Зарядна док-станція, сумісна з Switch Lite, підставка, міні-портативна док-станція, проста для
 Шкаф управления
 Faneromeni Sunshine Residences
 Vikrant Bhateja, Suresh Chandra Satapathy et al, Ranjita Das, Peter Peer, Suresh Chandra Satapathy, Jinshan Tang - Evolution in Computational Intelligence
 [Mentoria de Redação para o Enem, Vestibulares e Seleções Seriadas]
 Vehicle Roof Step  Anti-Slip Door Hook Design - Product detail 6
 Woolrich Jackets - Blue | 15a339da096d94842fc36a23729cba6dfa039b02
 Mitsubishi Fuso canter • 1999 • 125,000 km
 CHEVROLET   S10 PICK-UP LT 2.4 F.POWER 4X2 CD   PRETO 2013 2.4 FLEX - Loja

####################

**DIRECTIONS FOR THIS TASK**:
Having read the records above, print them out again exactly.

**YOUR SOLUTION**:
Зарядна док-станція, сумісна з Switch Lite, підставка, міні-портативна док-станція, проста для
 Шкаф управления
 Faneromeni Sunshine Residences
 Vikrant Bhateja, Suresh Chandra Satapathy et al, Ranjita Das, Peter Peer, Suresh Chandra Satapathy, Jinshan Tang - Evolution in Computational Intelligence
 [Mentoria de Redação para o Enem, Vestibulares e Seleções Seriadas]
 Vehicle Roof Step  Anti-Slip Door Hook Design - Product detail 6
 Woolrich Jackets - Blue | 15a339da096d94842fc36a23729cba6dfa039b02
 Mitsubishi Fuso canter • 1999 • 125,000 km
 CHEVROLET   S10 PICK-UP LT 2.4 F.POWER 4X2 CD   PRETO 2013 2.4 FLEX - Loja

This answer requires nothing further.